September 14, 2004

tenure as defense

I learned something interesting today - A reasonable interpretation of the history of the development of tenure in the US is that is was a defensive reaction to a percieved threat during the time that disciplines and departments were evolving. During that time a layer of administration was developing beween faculty and the president of the university. And it was during this period of rapid evolution and growth that the American Association of University Professors (f. 1915) was formed.

Aside
These comments are reactions to reading Chapter 1 of Geiger's To Advance Knowledge and looking at the American Association of University Professors (AAUP) website; especially the Committee A page.
End


The percieved threat was that as universities grew and departments evolved, the legitimate sphere of faculty authority no longer encompassed the entire academic enterprise but became limited to a specific and restricted subset of that enterprise. On top of this, the primary concern of the leadership became the business of running the university rather than the intellectual affairs of its faculty and students.

My interpretation of tenure as defense then is that, in the US at least, it was invented to insulate faculty from the increasingly foriegn, and hence unpredictable (irrational?), actions of the administration. This is plainly an interpretation on my part. The AAUP, which is clearly the professional body at the center of the discussion and adjudication with respect to tenure, has as its mission the advancement of academic freedom.

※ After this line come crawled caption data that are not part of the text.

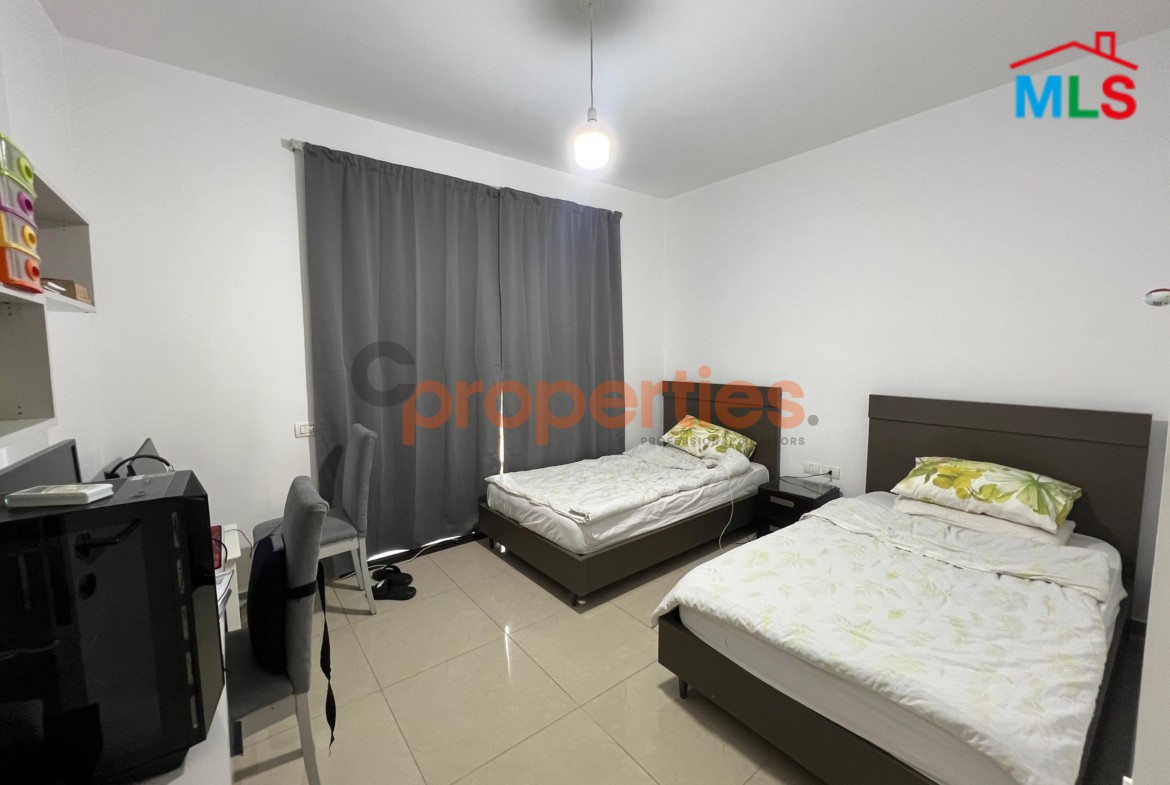 Apartment For Sale In Hazmieh – CPMK136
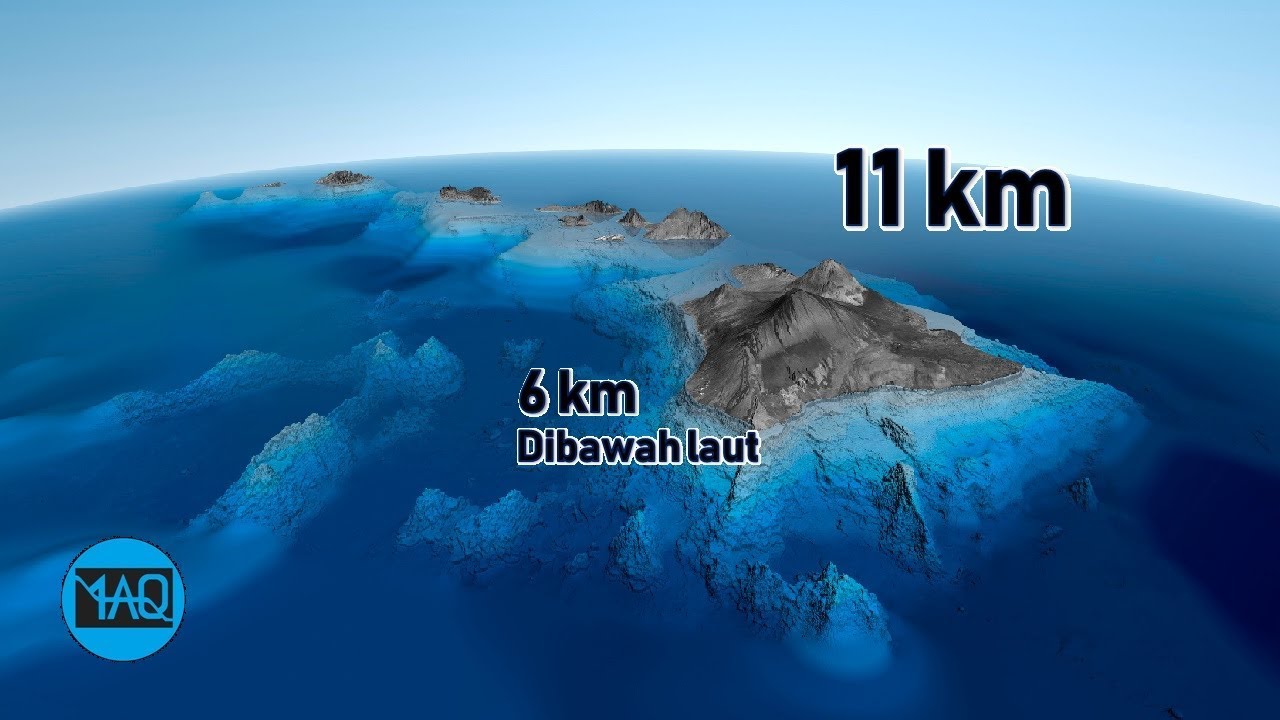 Detail Gambar Gunung Laut Nomer 35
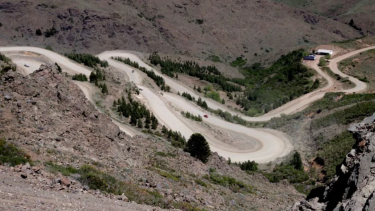 El Gobierno anticipó que el asfalto demandará 24 meses de trabajo.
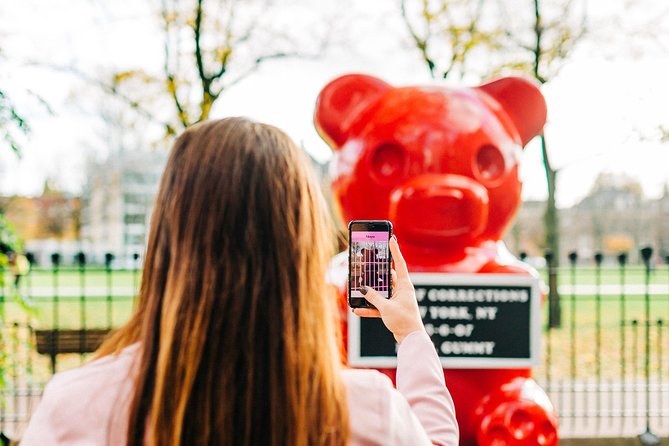 Moco Museum Amsterdam Admission Ticket with Banksy and more - Who should book this MOCO ticket?
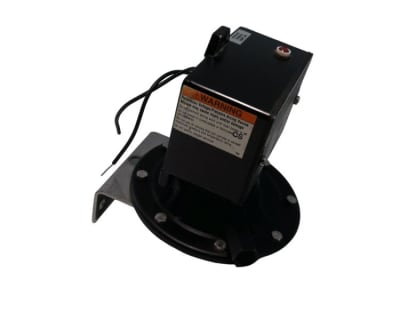 ASHCROFT D424B XBPFMG5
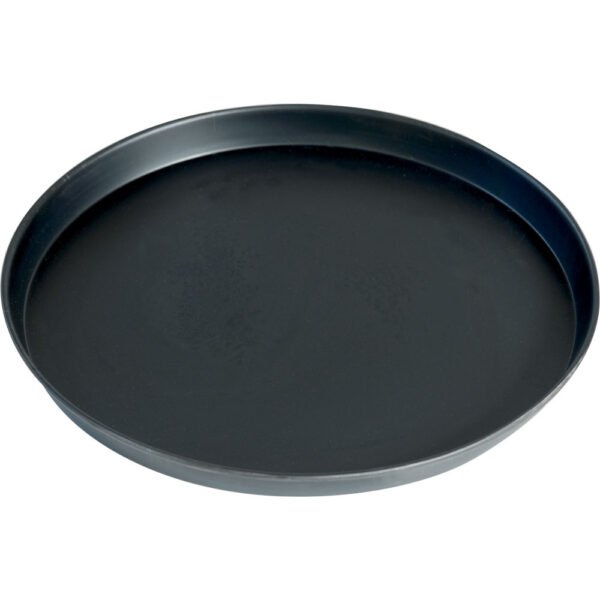 Platine ronde en tole Ø 260 mm (TLN2625)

While state positively there is something adversarial to the tone of the AAUP's rhetoric that suggests that academic freedom needs to be protected.

This may indeed be the case; one of our founding folks (Jefferson probably) noted that, "Eternal vigalence is the price of freedom" None the less, I find it fascinating that one of the cornerstones of academia could have its roots in an adversarial move on the part of faculty and that, if this interpretation holds, tenure codifies the traditional tension between faculty and administrators in the research university.